Train transport isn't the only option for getting round India though. Bus travel is always another option. However, I had avoided Indian buses on the dire advice of a number of travelers who I imagined had collectively spent enough time in India to know what they were talking about.

But after a while such a volume of dire warnings had built up that I felt I must be missing out on something… probably not something pleasant, but perhaps something character building, which is after all what travel in India seems to be about.

So when I decided to make the two hour journey out of Agra to the world heritage site of Fatephur Sikri, I opted to go on the buses.

In fact, the experience wasn’t bad at all. What I will say is that the main problem is without a doubt overcrowding. In fact, overcrowding can be so severe as to be comical.

To put it another way, on my particular journey I had an opportunity to get to know several local people intimately. In fact, after the bus had taken on its full complement of passengers, I was convinced that everyone on the bus must be physically connected through bodily contact. I know that at any one point in time I was touching at least four other people - and sometimes up to 6 or 7 - with various of my limbs and other body parts.
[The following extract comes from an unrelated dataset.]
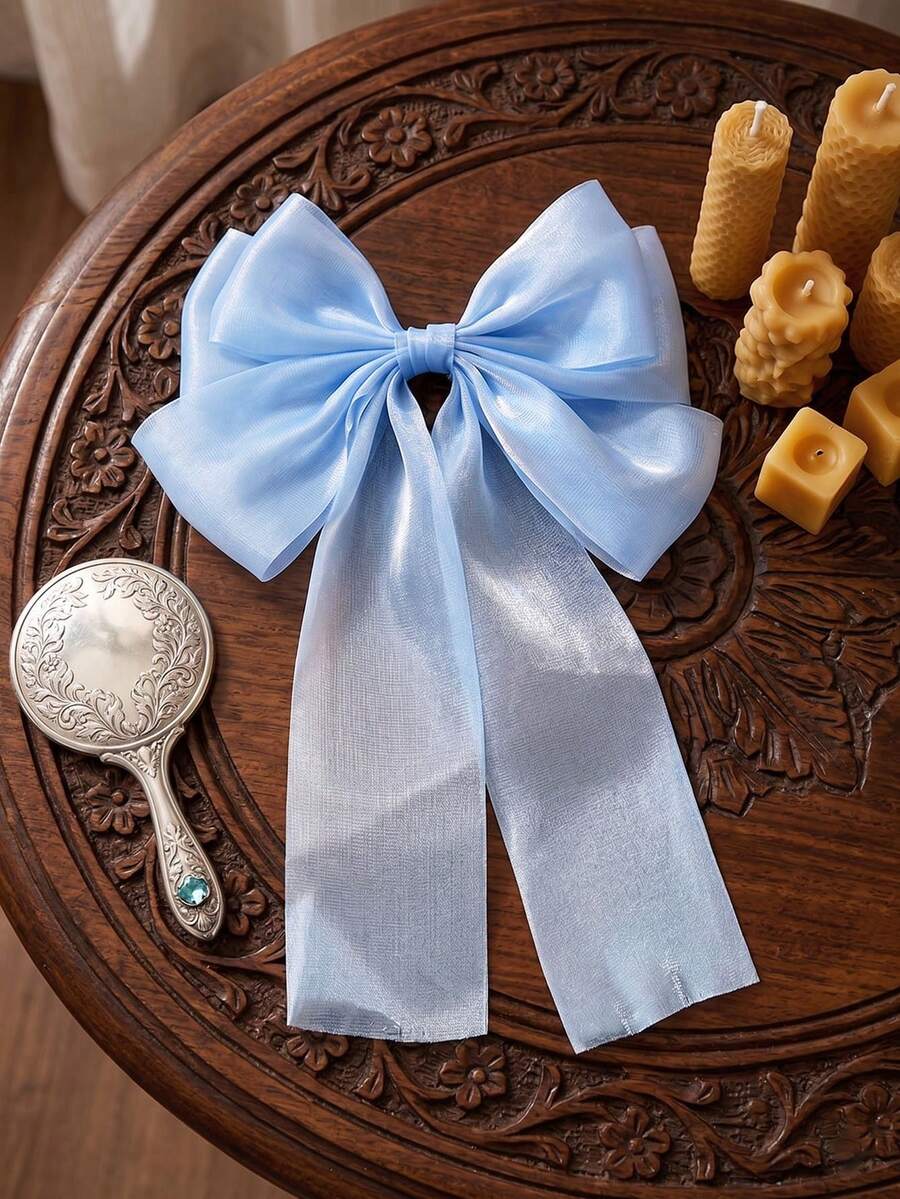 1 chiếc kẹp tóc nơ satin màu xanh hồng thanh lịch, kiểu nơ ruy băng lớn ngọt ngào, kẹp tóc đuôi ngựa thời trang, phụ kiện hàng ngày dễ phối đồ, lựa chọn tốt nhất cho các bữa tiệc. - Màu xanh nhạt - Xem 1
With little chance of reading or even breathing in a relaxed or peaceful manner, I got to wondering whether a skillful and vigorous shunt of a knee could have induced the driver to steer left or right as desired, through a sort of chain reaction of involuntary body movements rippling from the back to the front of the bus.

The shots above and below are from Fatephur Sikri, a fort built by the Mughal emperor in the mid-16th century, about a hundred years before the Taj Mahal. I was just knocked-over by how much this temple reminded me of those famous drawings by M C Escher. In fact, I'd swear he must have seen these sights, or been influenced by them in some way.

All the pictures from this fort were helped hugely by the wonderful 'little fluffy clouds'-type sky on the day. The next picture makes me think of a famous picture by Magritte that hangs in the Moma in New York.

Ok, enough Tony Hart style exposition. I've now been back to India Rail's booking office and, with scratches on my back and a slightly deranged and sweaty look, I'm heading back to Delhi.